TASK REQUIREMENTS: All the lines below need retyping exactly, apart from the images.

DATA BLOCK:
########################################
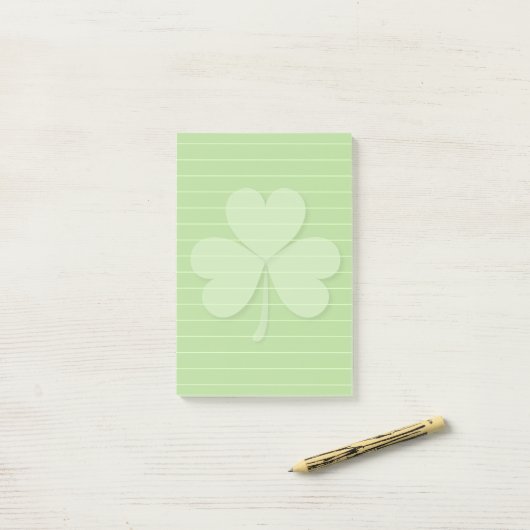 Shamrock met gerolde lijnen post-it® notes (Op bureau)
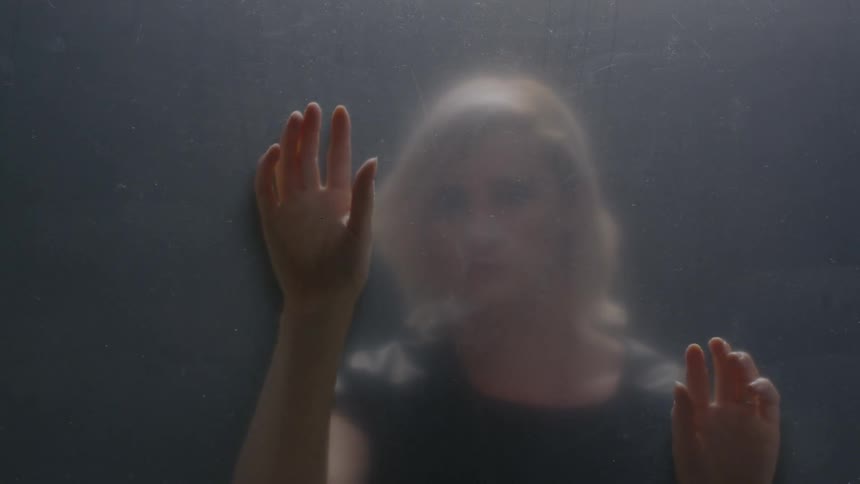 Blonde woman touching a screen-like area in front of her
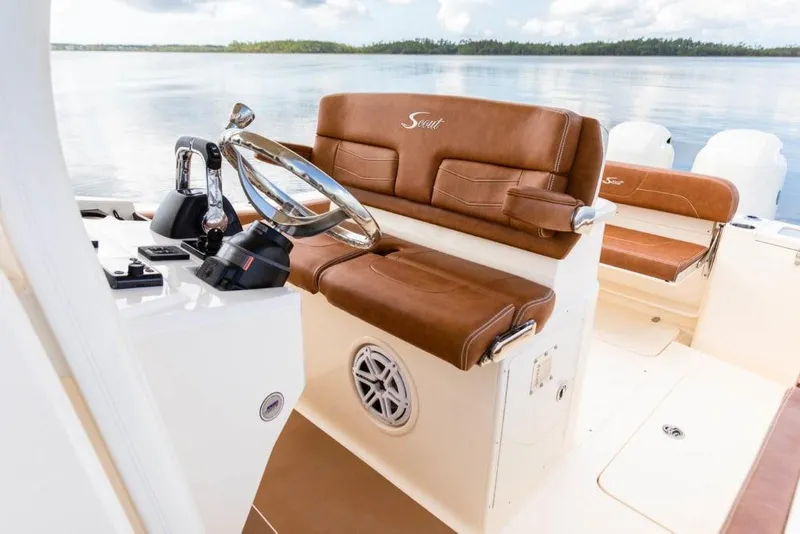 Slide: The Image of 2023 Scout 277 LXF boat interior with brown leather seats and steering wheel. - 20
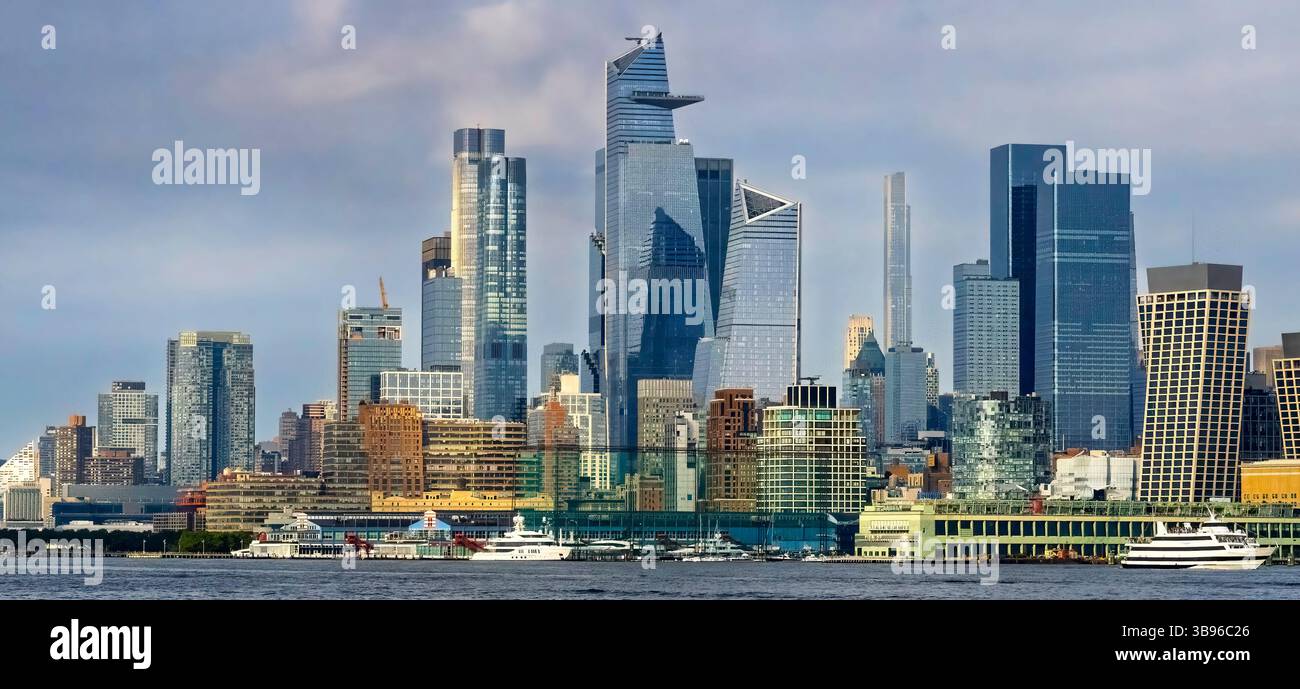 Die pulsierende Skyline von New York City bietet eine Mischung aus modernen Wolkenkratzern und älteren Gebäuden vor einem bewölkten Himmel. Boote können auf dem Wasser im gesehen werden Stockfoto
########################################
RESULT FOR THIS EXERCISE:
 Shamrock met gerolde lijnen post-it® notes (Op bureau)
 Blonde woman touching a screen-like area in front of her
 Slide: The Image of 2023 Scout 277 LXF boat interior with brown leather seats and steering wheel. - 20
 Die pulsierende Skyline von New York City bietet eine Mischung aus modernen Wolkenkratzern und älteren Gebäuden vor einem bewölkten Himmel. Boote können auf dem Wasser im gesehen werden Stockfoto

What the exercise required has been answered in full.